Home News Algarve Tourism Association urgently tries to fill Thomas Cook gap

Algarve Tourism Association urgently tries to fill Thomas Cook gap

Published on 24/09/2019

Discussing the recent bankruptcy announcement of the tour operator giant Thomas Cook, Algarve Tourism has revealed that they are closely monitoring the situation, together with Faro Airport and industry representative associations, to find solutions to minimize the effects of this event on tourism in the region.

“Thomas Cook was a business with a long tradition in the Algarve, with whom the region had been working for many years, and the news of its bankruptcy is naturally worrying, especially with regard to the damage that may result for some of our hoteliers.” says João Fernandes, president of Algarve Tourism.

“On the other hand, and despite the longstanding relationship, this was not currently the main operator for our destination. The weight that this company had on tourism in the region today is much lower than in the past. Thomas Cook once owned hotels in the Algarve, and was currently operating in the region based on the sale of integrated accommodation and air transport packages, corresponding to around 10,000 annual passengers landed, which is 0. 2% of the total flow of visitors arriving by air, so we cannot say that it is very representative of the total. ”

In an immediate action, Algarve Tourism has stated that they are working to ensure that proper conditions for the arrival and departure of tourists in the region, especially those who have been affected by this situation, are in place.

“We are talking about a set of around 500 people, and we believe that this will not be a complicated operation, as the Algarve has several operators and airlines that guarantee direct connections to the main airports of the United Kingdom, Germany, and Holland (the main markets this operator worked with) ”, explains João Fernandes.  

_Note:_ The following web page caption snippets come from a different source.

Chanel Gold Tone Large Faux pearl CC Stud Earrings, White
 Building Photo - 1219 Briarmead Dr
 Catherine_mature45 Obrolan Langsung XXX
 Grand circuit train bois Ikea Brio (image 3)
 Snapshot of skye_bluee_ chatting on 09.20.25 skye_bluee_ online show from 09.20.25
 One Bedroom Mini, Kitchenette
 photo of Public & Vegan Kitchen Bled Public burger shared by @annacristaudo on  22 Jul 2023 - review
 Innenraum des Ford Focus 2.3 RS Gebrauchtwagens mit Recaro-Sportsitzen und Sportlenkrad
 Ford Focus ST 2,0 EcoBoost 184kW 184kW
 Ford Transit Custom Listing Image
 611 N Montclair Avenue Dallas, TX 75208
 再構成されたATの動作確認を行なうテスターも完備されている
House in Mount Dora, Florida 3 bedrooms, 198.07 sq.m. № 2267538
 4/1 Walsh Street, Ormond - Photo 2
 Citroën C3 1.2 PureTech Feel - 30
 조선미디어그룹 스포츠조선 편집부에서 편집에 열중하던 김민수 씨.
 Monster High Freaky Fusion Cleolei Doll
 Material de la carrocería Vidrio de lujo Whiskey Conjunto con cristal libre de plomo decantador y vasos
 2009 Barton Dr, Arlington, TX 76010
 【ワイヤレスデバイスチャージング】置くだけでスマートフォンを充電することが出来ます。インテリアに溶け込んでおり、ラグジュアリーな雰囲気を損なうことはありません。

At the same time, Algarve Tourism made it clear that they are intensifying their efforts to cover the losses resulting from Thomas Cook’s bankruptcy. In line with what has already been done, the strategy includes, among other things, strengthening negotiations with other tour operators that may occupy the space hitherto left by the British company, and conducting joint marketing campaigns, to promote the potential of the region’s attraction and increase destination sales.

“Our expectation is that many of Thomas Cook’s current customers will soon find alternatives from competing companies and operators,” concluded Algarve Tourism’s president.